▶ [Task brief]:
Below are some records; quote exactly the lines from the one that contains "Tani Long Sleeve Turtle Neck Top in Peacock" through the one that contains "בית מלון כפרי Merica", inclusive, and no others.

▶ [Study material]:
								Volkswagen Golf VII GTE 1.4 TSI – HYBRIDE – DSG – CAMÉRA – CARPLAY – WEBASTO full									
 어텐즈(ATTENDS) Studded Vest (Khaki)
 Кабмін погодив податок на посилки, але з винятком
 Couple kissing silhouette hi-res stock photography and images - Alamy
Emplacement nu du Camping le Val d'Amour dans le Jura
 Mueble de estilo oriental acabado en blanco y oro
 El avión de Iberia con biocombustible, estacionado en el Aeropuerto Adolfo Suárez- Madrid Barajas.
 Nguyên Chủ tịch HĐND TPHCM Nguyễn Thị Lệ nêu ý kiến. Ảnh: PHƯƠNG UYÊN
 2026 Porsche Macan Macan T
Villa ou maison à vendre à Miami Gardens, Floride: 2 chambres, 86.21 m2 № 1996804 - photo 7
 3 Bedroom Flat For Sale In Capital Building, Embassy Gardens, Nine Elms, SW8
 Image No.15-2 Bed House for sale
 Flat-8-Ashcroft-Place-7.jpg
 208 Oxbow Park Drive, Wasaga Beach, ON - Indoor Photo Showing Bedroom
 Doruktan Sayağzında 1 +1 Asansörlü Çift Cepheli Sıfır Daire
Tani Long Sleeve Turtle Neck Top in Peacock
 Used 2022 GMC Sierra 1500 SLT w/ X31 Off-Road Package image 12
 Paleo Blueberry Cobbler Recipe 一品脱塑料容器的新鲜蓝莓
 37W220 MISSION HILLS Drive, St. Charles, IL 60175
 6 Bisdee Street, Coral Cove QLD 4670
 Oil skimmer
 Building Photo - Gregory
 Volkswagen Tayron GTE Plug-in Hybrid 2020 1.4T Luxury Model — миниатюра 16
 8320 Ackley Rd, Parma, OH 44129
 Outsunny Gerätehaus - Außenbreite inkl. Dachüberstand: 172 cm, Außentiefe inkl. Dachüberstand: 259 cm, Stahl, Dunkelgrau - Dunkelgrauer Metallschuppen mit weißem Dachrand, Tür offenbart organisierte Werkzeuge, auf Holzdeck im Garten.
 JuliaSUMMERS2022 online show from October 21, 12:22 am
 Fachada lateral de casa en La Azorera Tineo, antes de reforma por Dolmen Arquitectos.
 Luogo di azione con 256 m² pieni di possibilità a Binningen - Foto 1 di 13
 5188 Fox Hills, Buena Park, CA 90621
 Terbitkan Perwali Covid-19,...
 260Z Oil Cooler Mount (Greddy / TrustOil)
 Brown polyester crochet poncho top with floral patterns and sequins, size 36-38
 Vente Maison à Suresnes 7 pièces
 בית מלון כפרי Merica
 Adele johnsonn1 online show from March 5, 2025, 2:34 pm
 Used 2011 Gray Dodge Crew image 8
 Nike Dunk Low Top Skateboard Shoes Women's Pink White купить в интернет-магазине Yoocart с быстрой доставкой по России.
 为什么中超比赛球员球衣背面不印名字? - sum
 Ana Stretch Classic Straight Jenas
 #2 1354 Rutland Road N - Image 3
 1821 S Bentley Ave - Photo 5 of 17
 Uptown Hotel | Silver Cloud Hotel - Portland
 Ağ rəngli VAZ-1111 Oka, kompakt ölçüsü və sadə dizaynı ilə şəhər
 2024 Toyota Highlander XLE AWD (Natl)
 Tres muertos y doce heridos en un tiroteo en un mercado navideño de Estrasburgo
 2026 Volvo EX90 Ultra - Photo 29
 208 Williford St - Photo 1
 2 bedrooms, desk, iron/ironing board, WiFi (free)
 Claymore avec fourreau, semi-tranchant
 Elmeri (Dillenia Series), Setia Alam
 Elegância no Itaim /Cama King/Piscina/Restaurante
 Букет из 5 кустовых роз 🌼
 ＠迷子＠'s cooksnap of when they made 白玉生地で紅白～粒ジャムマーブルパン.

▶ [Written solution]:
Tani Long Sleeve Turtle Neck Top in Peacock
 Used 2022 GMC Sierra 1500 SLT w/ X31 Off-Road Package image 12
 Paleo Blueberry Cobbler Recipe 一品脱塑料容器的新鲜蓝莓
 37W220 MISSION HILLS Drive, St. Charles, IL 60175
 6 Bisdee Street, Coral Cove QLD 4670
 Oil skimmer
 Building Photo - Gregory
 Volkswagen Tayron GTE Plug-in Hybrid 2020 1.4T Luxury Model — миниатюра 16
 8320 Ackley Rd, Parma, OH 44129
 Outsunny Gerätehaus - Außenbreite inkl. Dachüberstand: 172 cm, Außentiefe inkl. Dachüberstand: 259 cm, Stahl, Dunkelgrau - Dunkelgrauer Metallschuppen mit weißem Dachrand, Tür offenbart organisierte Werkzeuge, auf Holzdeck im Garten.
 JuliaSUMMERS2022 online show from October 21, 12:22 am
 Fachada lateral de casa en La Azorera Tineo, antes de reforma por Dolmen Arquitectos.
 Luogo di azione con 256 m² pieni di possibilità a Binningen - Foto 1 di 13
 5188 Fox Hills, Buena Park, CA 90621
 Terbitkan Perwali Covid-19,...
 260Z Oil Cooler Mount (Greddy / TrustOil)
 Brown polyester crochet poncho top with floral patterns and sequins, size 36-38
 Vente Maison à Suresnes 7 pièces
 בית מלון כפרי Merica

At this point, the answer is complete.